Status quo after several rearrangements and code updates in fall 2023:

  • User:PLbot is retired from regular operation; its remaining functional jobs have been migrated to DeltaBot
  • User:DeltaBot is the sole active bot; it operates completely in the deltabot tool on Toolforge
  • pltools offers a couple of web tools; plnode serves as a node.js-based backend for some of these tools

DeltaBot[edit]

  • All source code is at Github in MisterSynergy's account. Sources should also be publicly accessible on Toolforge for users with a Toolforge account.
  • The bot uses pywikibot and authenticates via OAuth.
  • The bot uses a single, shared Python 3.11 virtual environment (venv) for all jobs.
    • Required modules (without dependencies) are: mariadb, mwoauth, mwparserfromhell, python-stdnum, pywikibot, requests, requests-oauthlib; there is (potentially outdated) requirements.txt file in ~/operations/requirements.txt on Toolforge.
    • The bot does not use shared pywikibot anymore, but a locally installed version (8.3.3) in the venv.
  • The bot uses the Toolforge jobs framework for job scheduling.
    • Each job has its own cronjob on k8s (~50 in total).
    • Each job has individual .err and .out logfiles.
    • Each job has tailored memory and cpu requests.
    • Each job restarts exactly once on failure.
    • A single .yaml definition file defines all jobs (~/operations/deltabot_jobs.yaml).
    • Monitoring: k8s-status, Grafana.
  • Although some functionality is used in many jobs/scripts, there is no unifying "deltabot package" that would centralize shared functionality. This intentional decision should keep individual jobs portable independently from the rest of the bot, in case the setup does not work anymore in the future.
  • The default jobs limit at Toolforge (50 per tool) has been raised to 100 for deltabot per request.
  • The source code is licensed as CC0.

There are still some todos:

  • A few (rather complex) jobs still need to be rewritten.

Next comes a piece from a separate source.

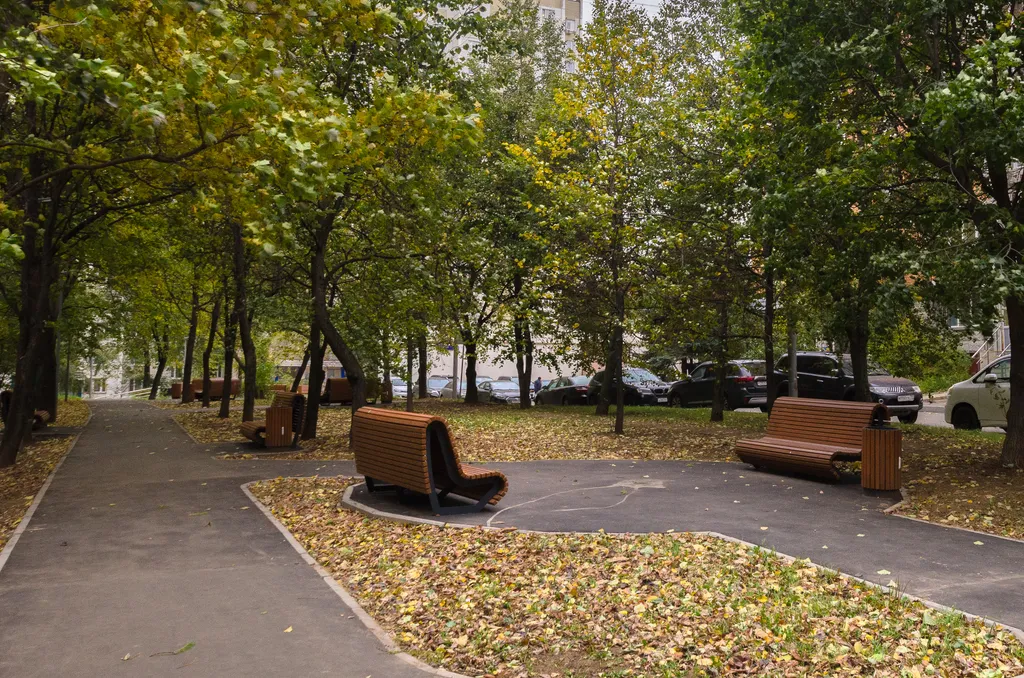Квартира Уютная двухкомнатная квартира — Москва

It needs to be figured out whether there is still need for them, though.
  • A couple of jobs have rather excessive execution times of the order of one day. It needs to be figured out whether this is necessary, and could possibly be reduced.
  • The merge-project job has a remaining database/web-tool dependency in the pltools account; as a consequence, it is not fully working right now.
  • There is no code testing at all in place. It needs to be figured out whether it is worth it, because most of the code depends on WMF infrastructure and sane data, rather than algorithmic complexity. Currently, Python type hints are used in VSCode to maintain some sort of an overview what the scripts do and how functions interact with each other type-wise, but beyond that there is nothing in place to validate the code.
  • The venv needs to be refreshed occasionally, particularly the pywikibot library.
  • The ~/logs folder needs to be revisited for excessively large logfiles regularly.

PLbot[edit]

  • The bot is retired and there are no plans to reactivate it.
  • Some of the dysfunctional scripts have not been reactivated due to a changed environment or lack of need in modern times, but they are still available on MisterSynergy's local computer on request.

pltools and plnode[edit]

  • These tools have not been changed, and will not receive updates in the foreseeable future. Let's hope the best that they do not break.